Entries taken from a collection:
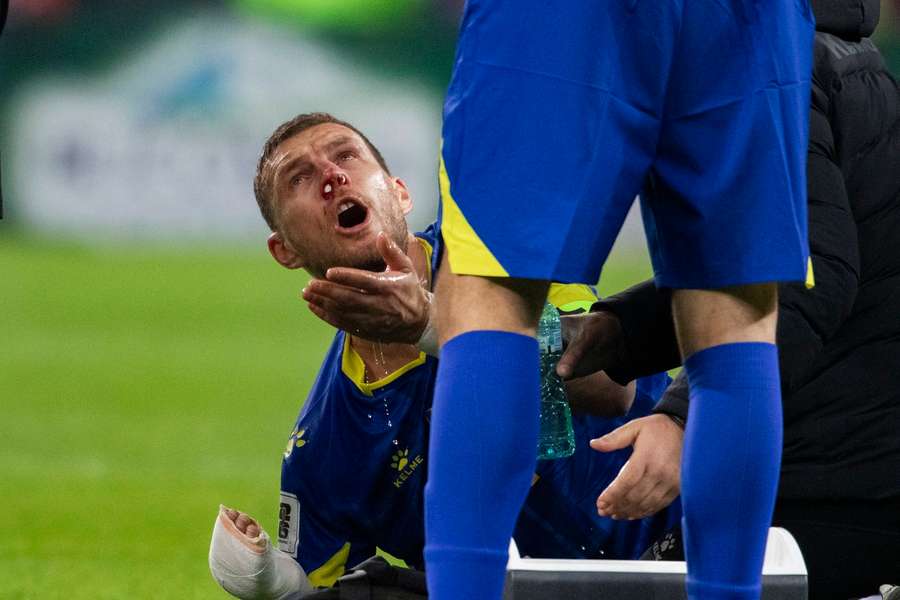 Lesões de Edin Dzeko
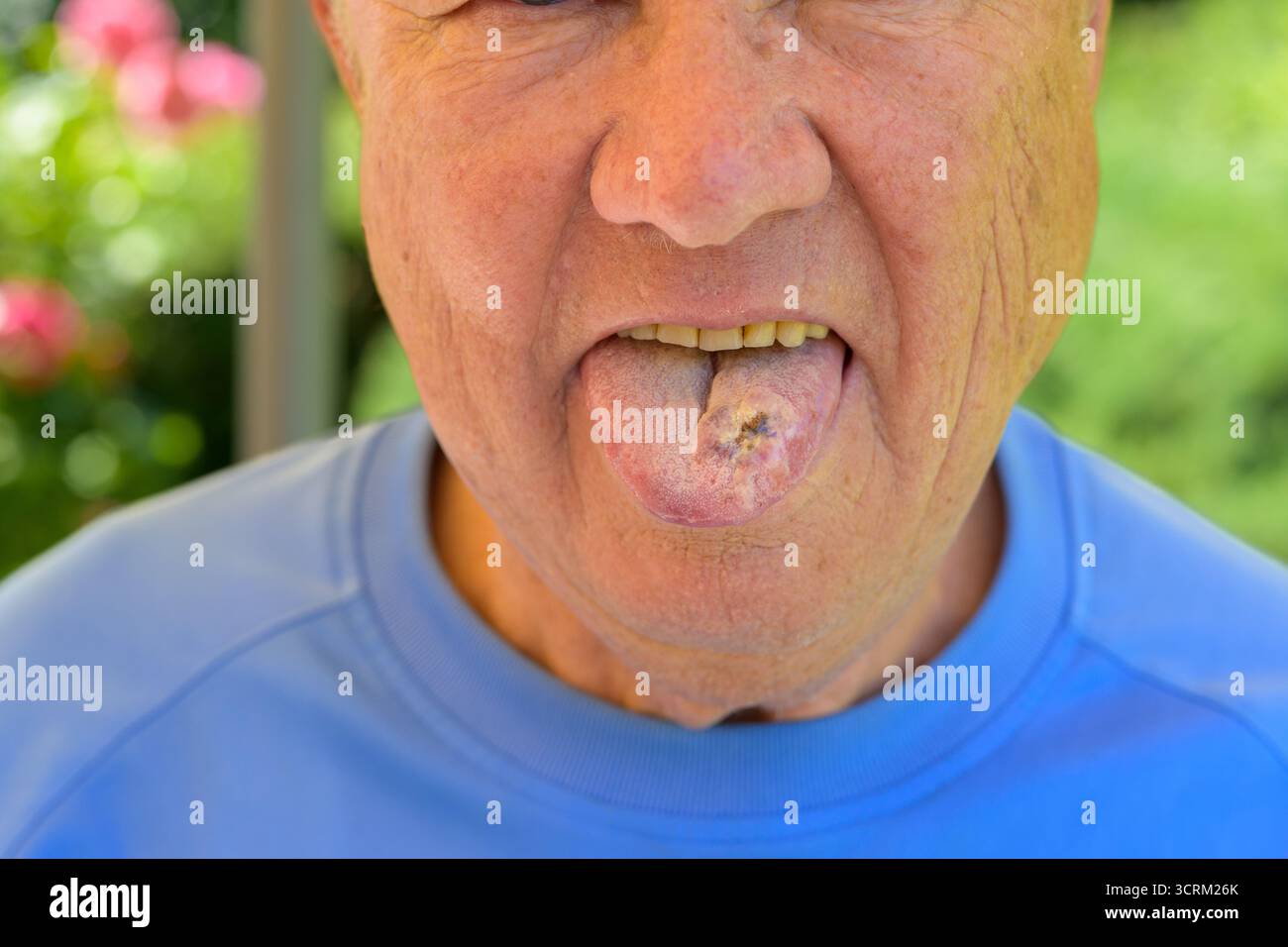 Gros plan d'un homme âgé montrant une langue avec lésion visible. Banque D'Images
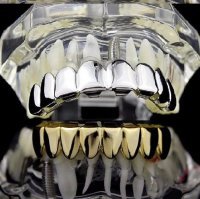 Глядя на некоторые фотки, древний анекдот вспомнился:
 Пришёл новый русский к стоматологу. Открывает рот. Стоматолог в шоке - нижняя челюсть золотая, верхняя - платиновая.
 Врач удивляется:
 - А что лечить то?
 - Лечить не надо - сигнализацию поставить надо!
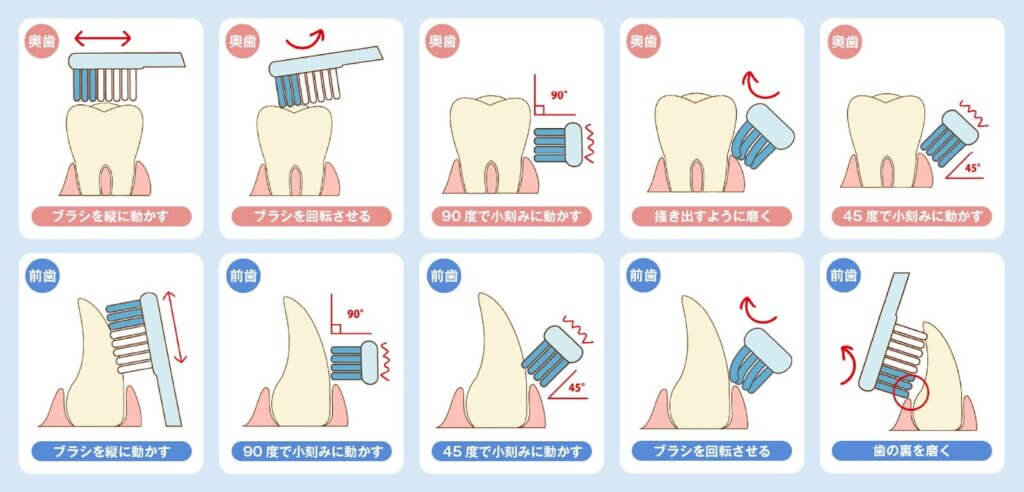 自分でできる歯周病予防・ケア方法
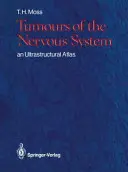 Tumores del sistema nervioso: Atlas ultraestructural - Tumours of the Nervous System: An Ultrastructural Atlas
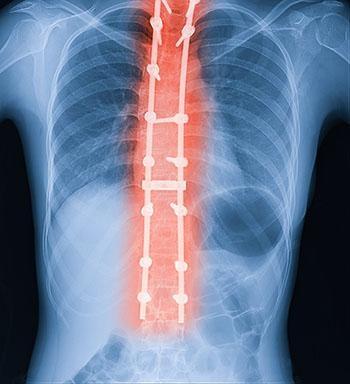 45mil spine surgery death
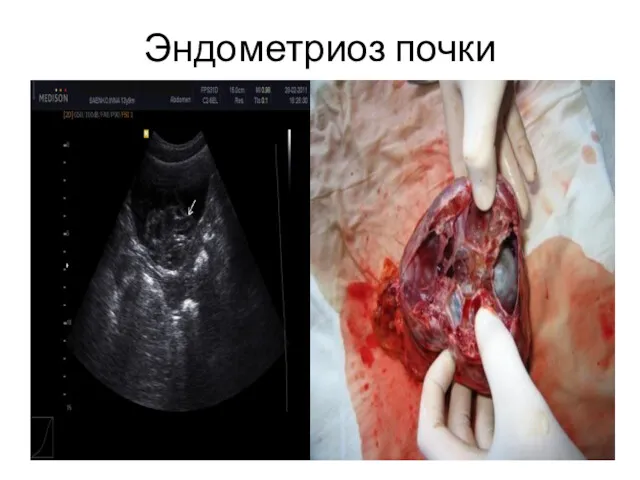 Эндометриоз почки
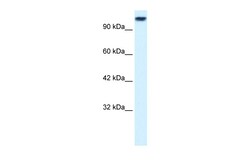 Aviva Systems Biology Corp KIF3C Antibody - middle region (ARP33898_P050)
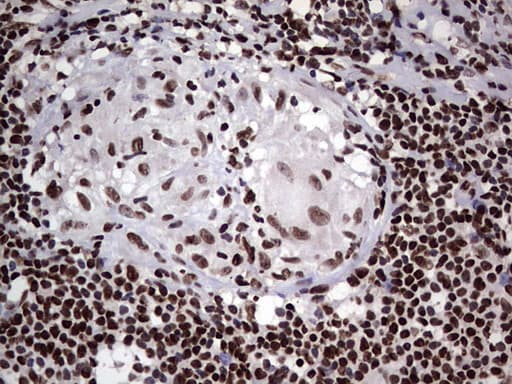 PARP1 Antibody (clone 5F1, Carrier-free)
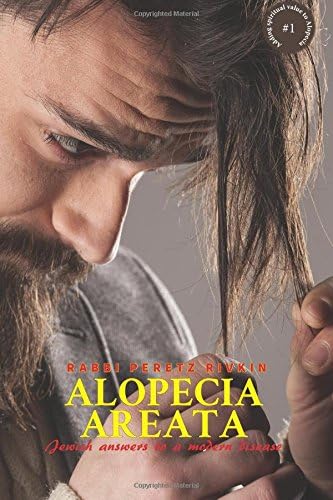 Alopecia Areata: Jewish Answers to a Modern Disease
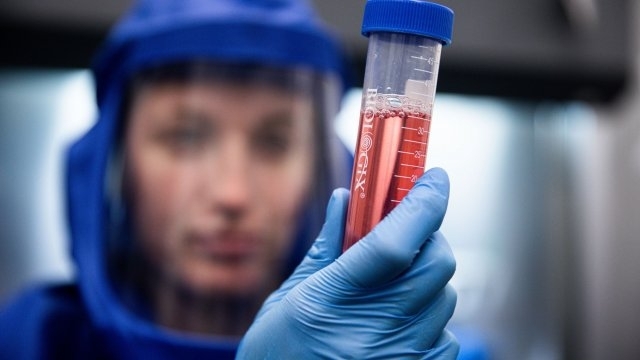 877 с 201 случая по малко от вчера са новодиагностицираните с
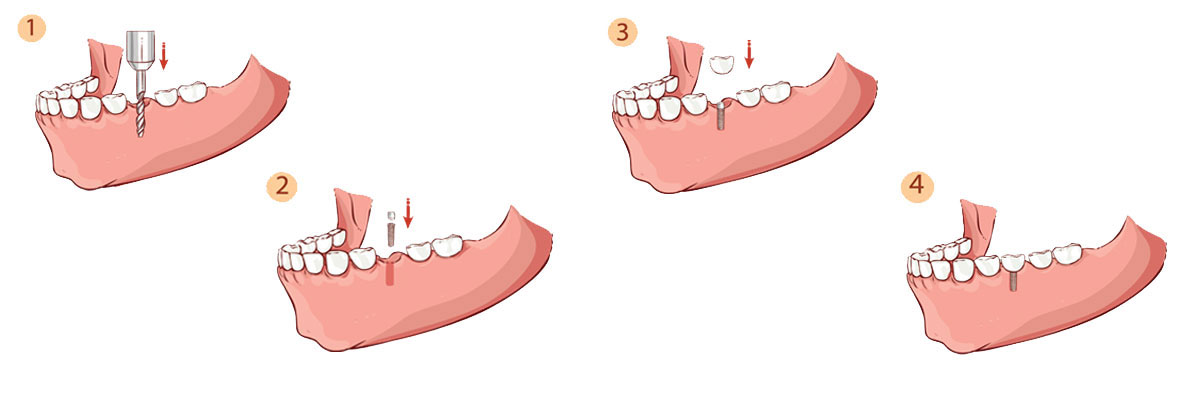 Long Branch Dental Implant Restoration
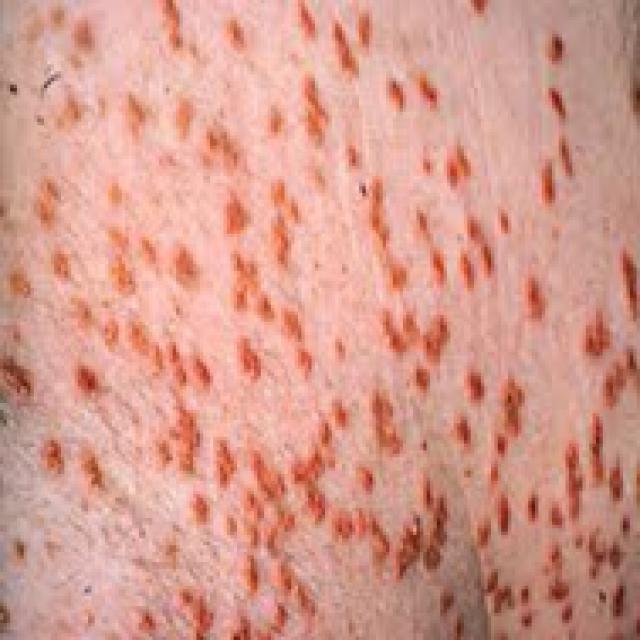 Eruptive Xanthoma Stage 3 Cholestatic Liver Disease Object Detection Dataset by Liverify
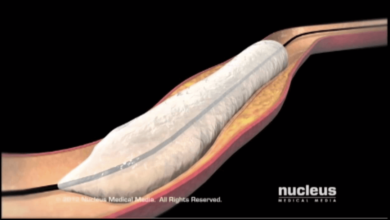 percutaneous transluminal angioplasty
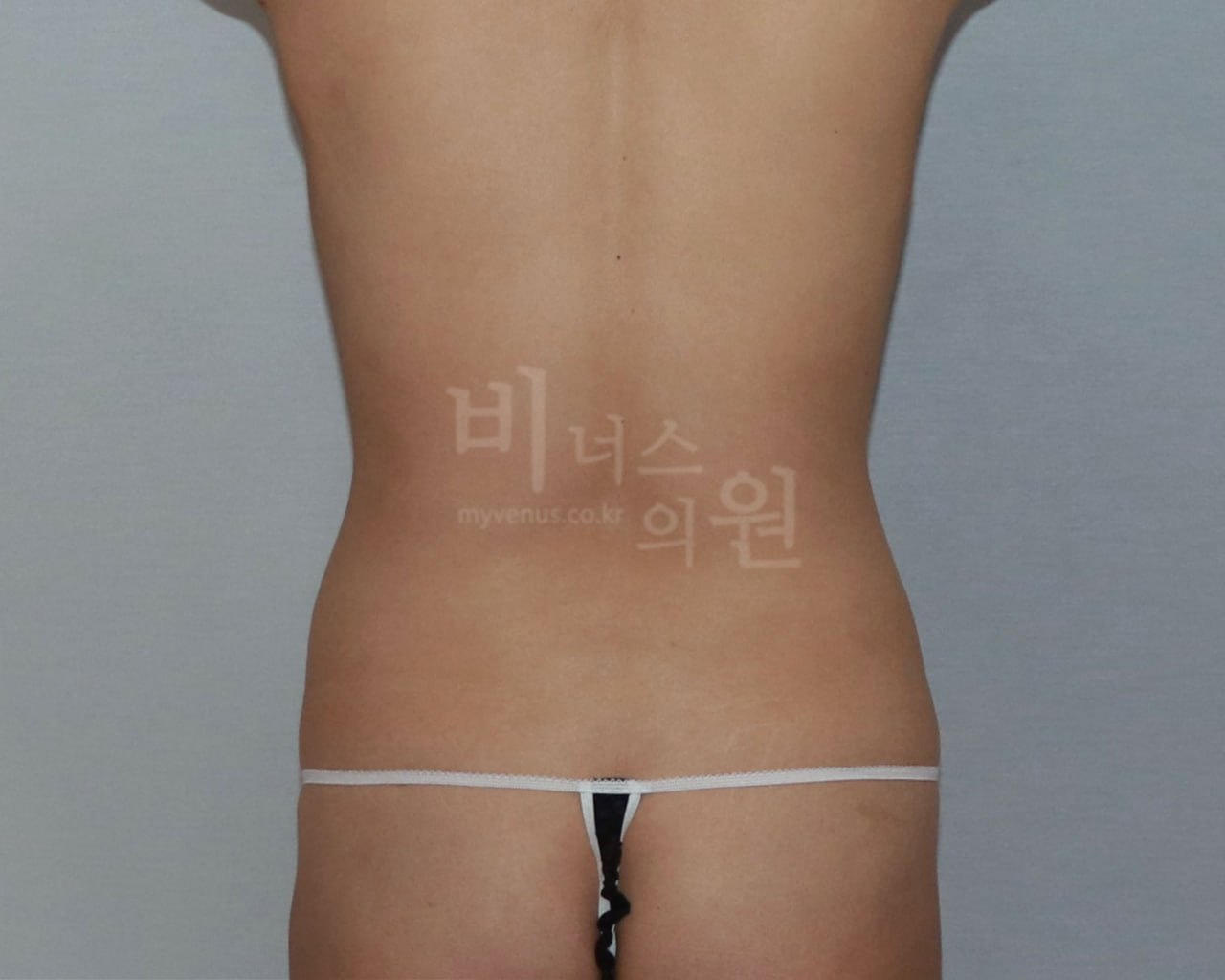 복부 지방흡입 수술 전 후면 비너스의원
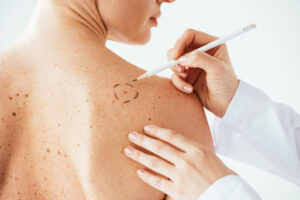 dermatologists for skin cancer screening Atlanta, GA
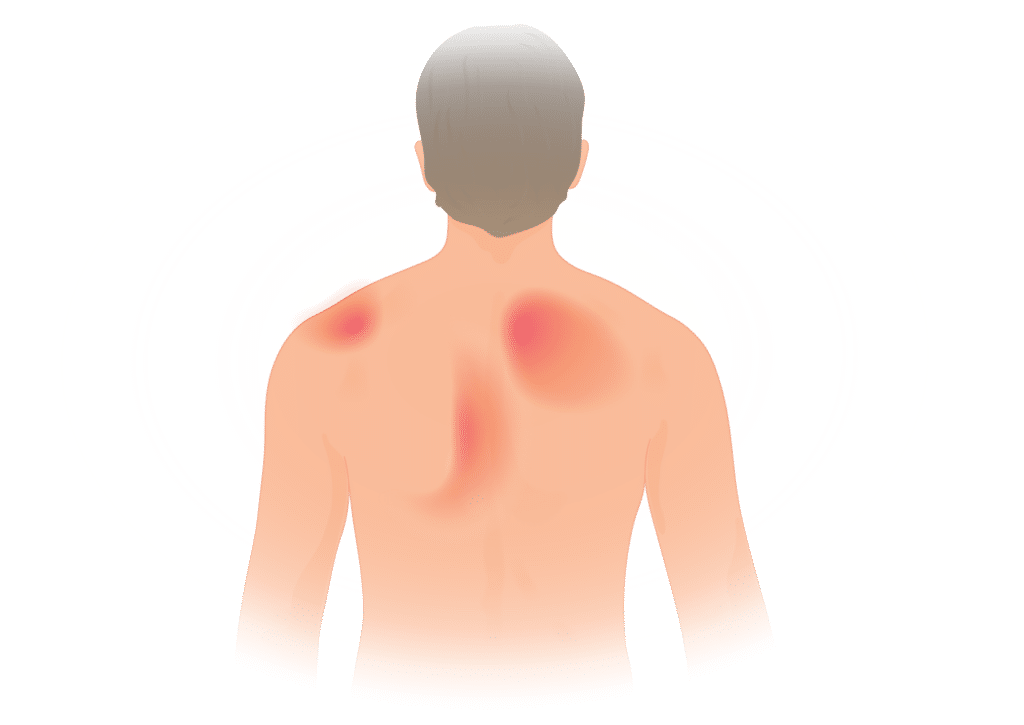 Illustration of a man with low back pain
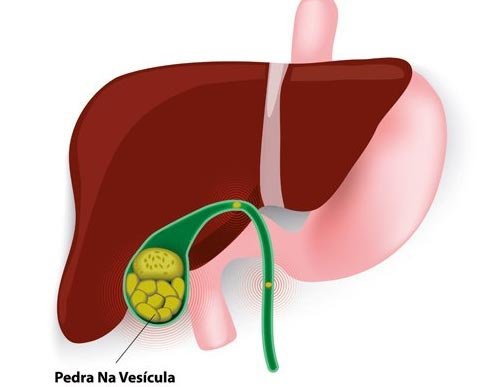 tratamento-vesicula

• BRIEF: Although the records contain pictures, return only their text, exactly as written.

• ANSWER SPACE:
 Lesões de Edin Dzeko
 Gros plan d'un homme âgé montrant une langue avec lésion visible. Banque D'Images
 Глядя на некоторые фотки, древний анекдот вспомнился:
 Пришёл новый русский к стоматологу. Открывает рот. Стоматолог в шоке - нижняя челюсть золотая, верхняя - платиновая.
 Врач удивляется:
 - А что лечить то?
 - Лечить не надо - сигнализацию поставить надо!
 自分でできる歯周病予防・ケア方法
 Tumores del sistema nervioso: Atlas ultraestructural - Tumours of the Nervous System: An Ultrastructural Atlas
 45mil spine surgery death
 Эндометриоз почки
 Aviva Systems Biology Corp KIF3C Antibody - middle region (ARP33898_P050)
 PARP1 Antibody (clone 5F1, Carrier-free)
 Alopecia Areata: Jewish Answers to a Modern Disease
 877 с 201 случая по малко от вчера са новодиагностицираните с
 Long Branch Dental Implant Restoration
 Eruptive Xanthoma Stage 3 Cholestatic Liver Disease Object Detection Dataset by Liverify
 percutaneous transluminal angioplasty
 복부 지방흡입 수술 전 후면 비너스의원
 dermatologists for skin cancer screening Atlanta, GA
 Illustration of a man with low back pain
 tratamento-vesicula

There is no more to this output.